------ The input
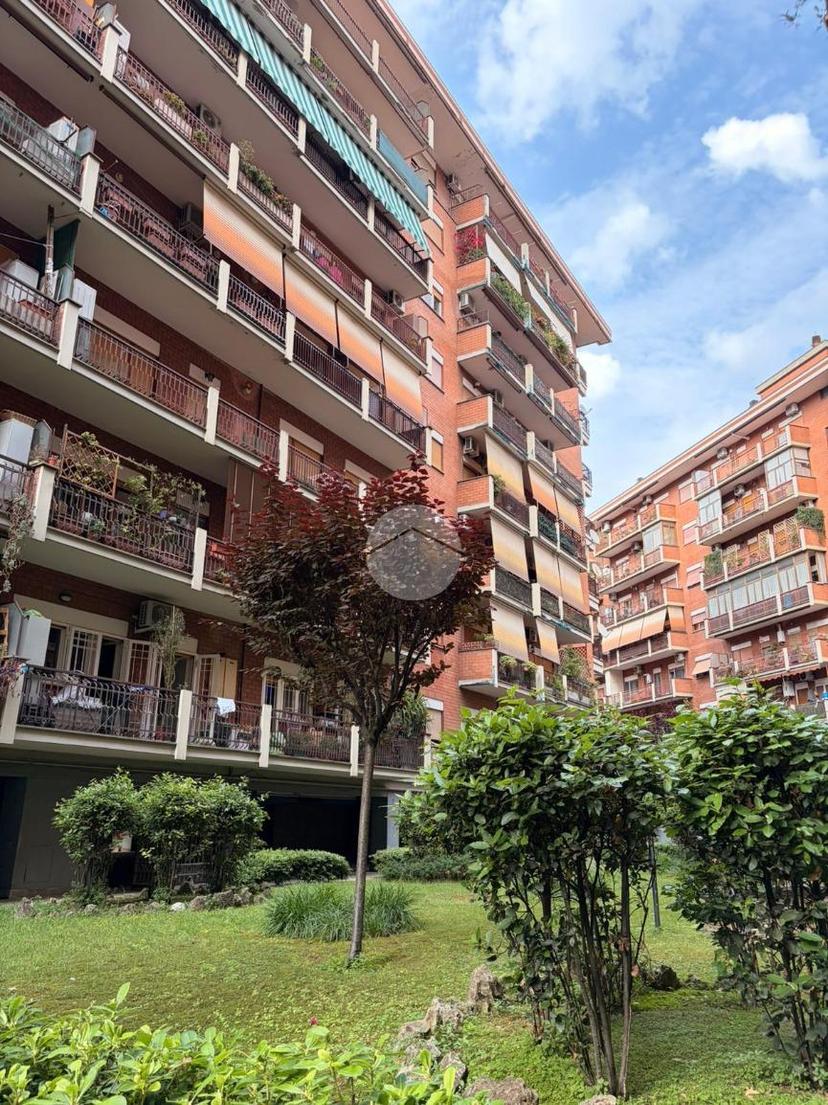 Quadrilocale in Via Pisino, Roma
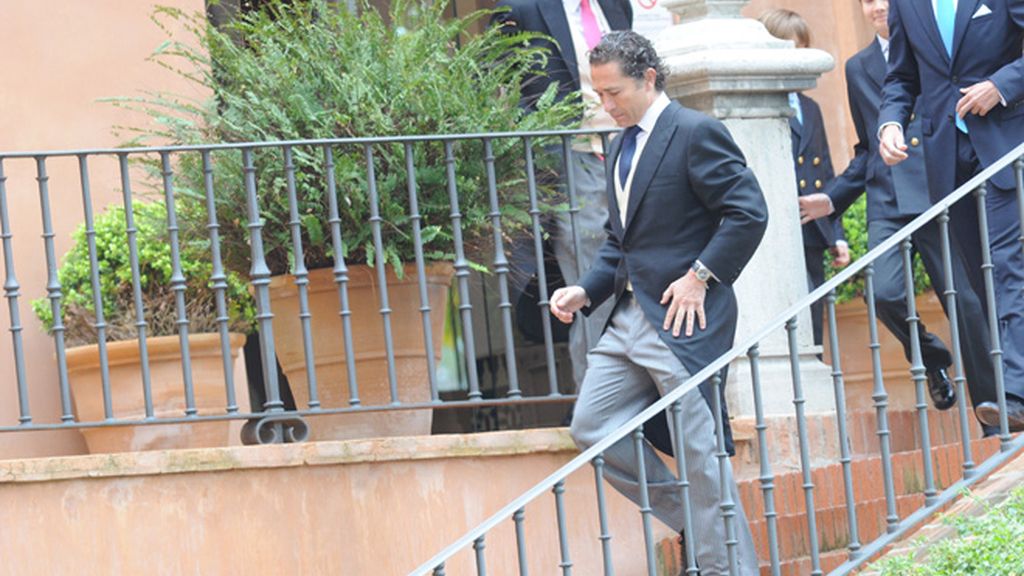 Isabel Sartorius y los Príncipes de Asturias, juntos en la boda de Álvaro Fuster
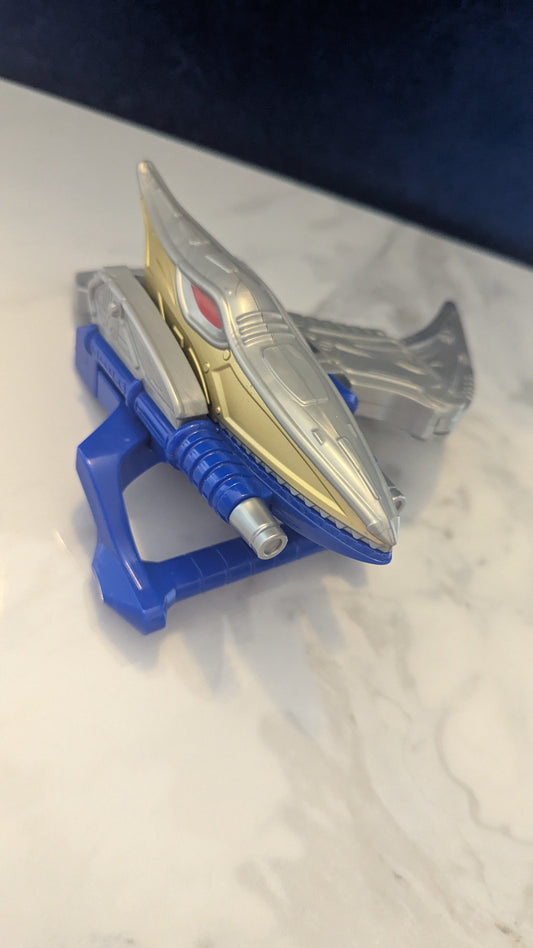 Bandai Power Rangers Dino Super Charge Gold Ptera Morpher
------------
------ The input
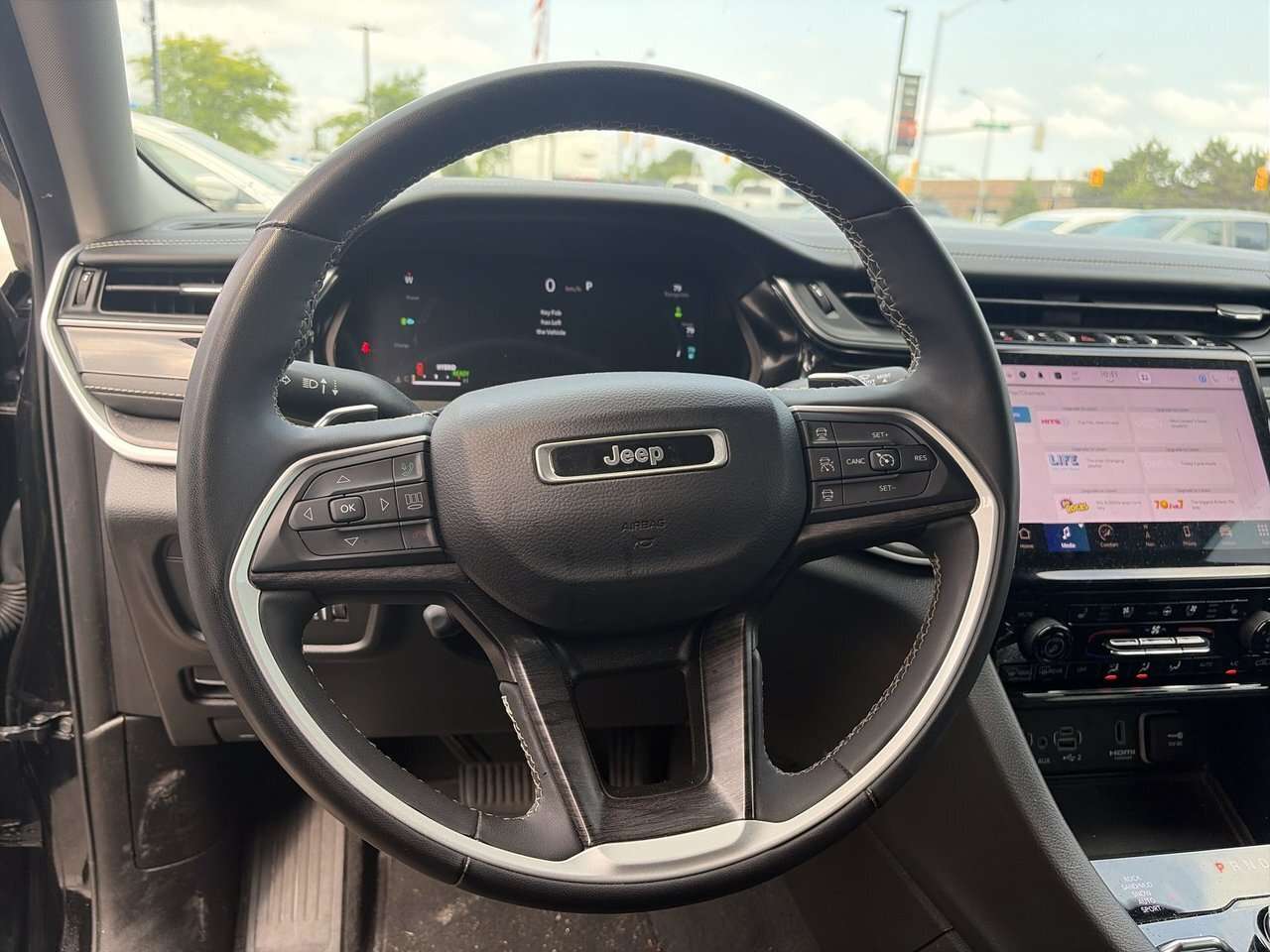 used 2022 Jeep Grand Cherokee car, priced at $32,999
------------
Your goal
Word for word, write out the lines above running from the one with "Isabel Sartorius y" up to and including the one with "Bandai Power Rangers". Drop any picture.

Exercise output
 Isabel Sartorius y los Príncipes de Asturias, juntos en la boda de Álvaro Fuster
 Bandai Power Rangers Dino Super Charge Gold Ptera Morpher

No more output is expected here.